Stages of the Public Policy Process
1. Problem recognition and definition- Identifying a problem that needs to be adressed
2. Agenda setting, the constant process of deciding what issues should be adressed by the government
3. Policy Formulation, the practice of coming up with policy ideas that will resolve public problems
a) Routine Formulation: basically a redudant form of policy formulation, almost unnecessary because the lack of resulting change. usually occurs within such issues as veterans' benefits
b)Analogous Formulation: uses direct previous experience or knowledge, or the experience and knowledge of other states/governments to formulate new policies and ideas.

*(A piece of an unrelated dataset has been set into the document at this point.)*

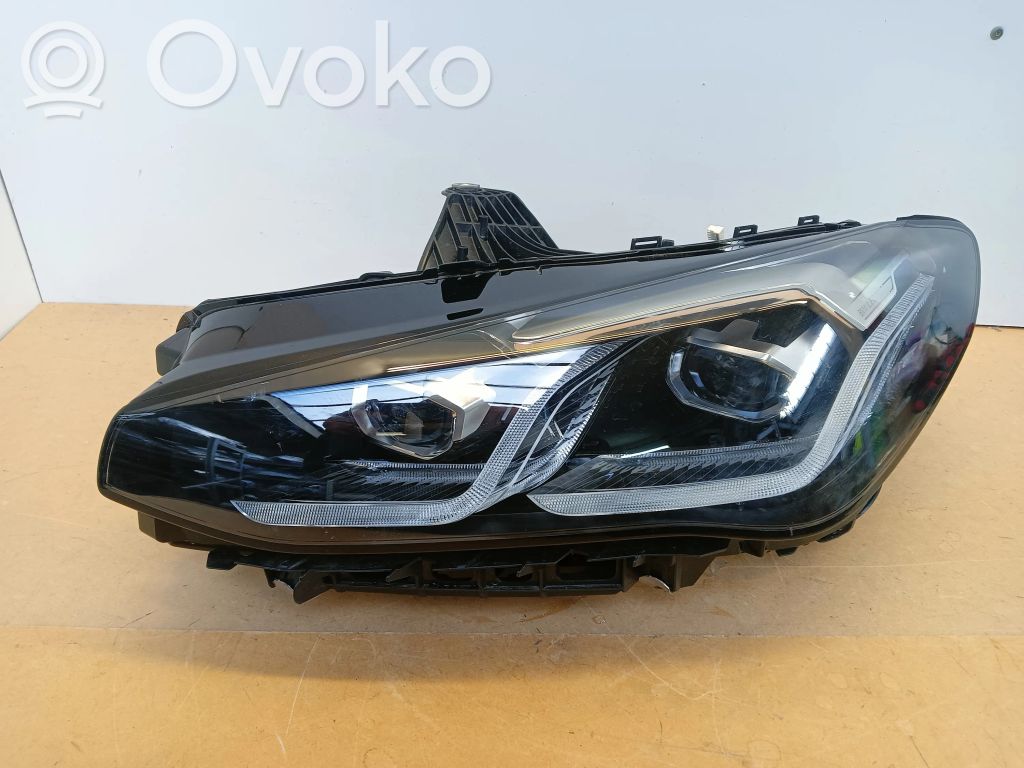BMW 2 Active Tourer U06 Scheinwerfer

c)Creative Formulation: the formulation of new, original policies that may have been unnecessary in the past or are just very different ideas and plans from what was used in the past
4. Policy adoption- the approval of the policy by the legislature; making a bill into a law
5. Budgeting-necessary for funding policies and agendas; good or poor budgeting has a great effect on whether or not a policy is effective and impacting
-the power to give or cut off funding is an extremely powerful tool for congressional committee chairs
6. Policy Implementation, the process of carrying out public policy through the federal bureaucracy
7. Policy Evaluation- determining whether the policy is achieving the set goals

Unemployment Insurance
- funded by payroll tax paid by employers
- covers employers of 4 or more people but not part-time workers
- paid to employed workers who were not fired for person faults or quit & who are willing to accept suitable employment

Income Security Programs
Income security programs fall into two categories: non-means-based programs and means tested programs. Non-means based programs provide cash assistance to people regardless of their income, but based on their age and needs. Social Security, Medicare, and unemployment benefits are all non-means tested.

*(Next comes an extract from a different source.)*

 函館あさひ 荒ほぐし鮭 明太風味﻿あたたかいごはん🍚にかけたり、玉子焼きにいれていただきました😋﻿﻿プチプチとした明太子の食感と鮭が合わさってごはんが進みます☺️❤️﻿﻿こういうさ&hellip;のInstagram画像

Means tested programs require people to have incomes below a specific amount to qualify. Medicaid, food stamps and assitance for needy families are all means tested programs.

Agenda Setting
Two different types =
Systematic Agenda - all public issues that are viewed as requiring governmental attention; a discussion agenda
Governmental (institutional) agenda - the changing list of issues to which govenrments believe they should address themselves.